Ekaterina Rogaeva

Ekaterina Rogaeva

University of Toronto, Canada

Title: Mutation analysis of CHCHD10 in neurodegenerative diseases, including Parkinson’s disease


Dr. Ekaterina Rogaeva obtained her PhD in Biochemistry at Moscow State University (Russia) in 1988. Researcher, Tanz Centre for Research in Neurodegenerative Diseases, she is an associate professor form university of Toronto. She played a central role in the discovery and characterization of the two presenilin genes responsible for the most aggressive early-onset form of Alzheimer’s disease.

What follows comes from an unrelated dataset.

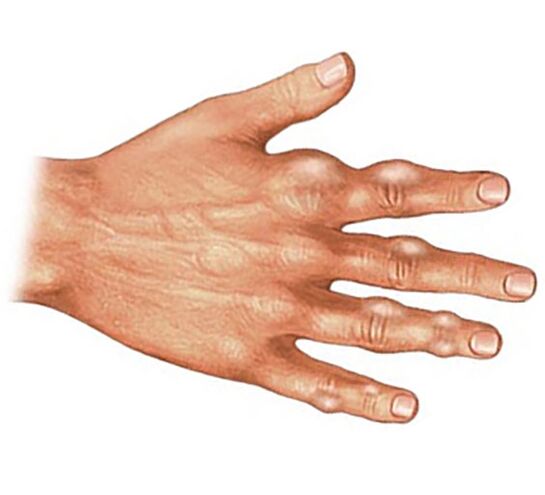 Deposition of uric acid crystals in the soft tissues of the fingers with gouty arthritis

A recent study by Bannwarth et al. implicated CHCHD10 as a novel gene for amyotrophic lateral sclerosis/frontotemporal lobar degeneration (ALS/FTLD). Affected family members were presented with a complex phenotype that included symptoms of ALS, FTLD, cerebellar ataxia, Parkinson's disease (PD) and a mitochondrial myopathy associated with multiple mitochondrial DNA deletions. So far, seven missense CHCHD10 mutations have been reported in patients with a broad phenotypic range. Notably, mitochondrial dysfunction has been implicated in several neurodegenerative diseases. Hence, we sequenced CHCHD10 in 204 ALS, 153 PD, 158 FTLD and 141 Alzheimer’s disease (AD) patients, as well as 497 normal controls. We identified two known pathogenic mutations in three ALS patients (p.R15L and p.P80L); as well as two novel substitutions in two FTLD patients (p.P23T and p.A35D). Finally, we detected a p.P34S substitution in PD patient, who has no symptoms of muscle weakness, dementia or ALS. The same p.P34S variant was also detected in two AD cases, but it did not segregate with AD in the available family. The p.P34S variant was previously reported in unrelated FTLD/ALS and ALS patients. However, the p.P34S substitution was found at comparable frequencies in our control samples and public databases, suggesting that this variant is not pathogenic, which is important in the utility of genetic screening in patient care. The frequency of the CHCHD10 mutations in our datasets is 2.6% for familial ALS, 1.2% for sporadic ALS, 1.6% for familial FTLD, and 1% for sporadic FTLD. All mutation carriers are characterized by atypically long duration and slow disease progression. In conclusion, our study supports the causal role of CHCHD10 mutations in both ALS and FTLD, but not in AD or PD. Intriguingly, the mutations in the CHCHD2 gene (structurally similar to CHCHD10) were very recently reported to cause PD in Japanese patients. The mutation analysis of CHCHD2 in Canadian PD dataset is ongoing and will be presented.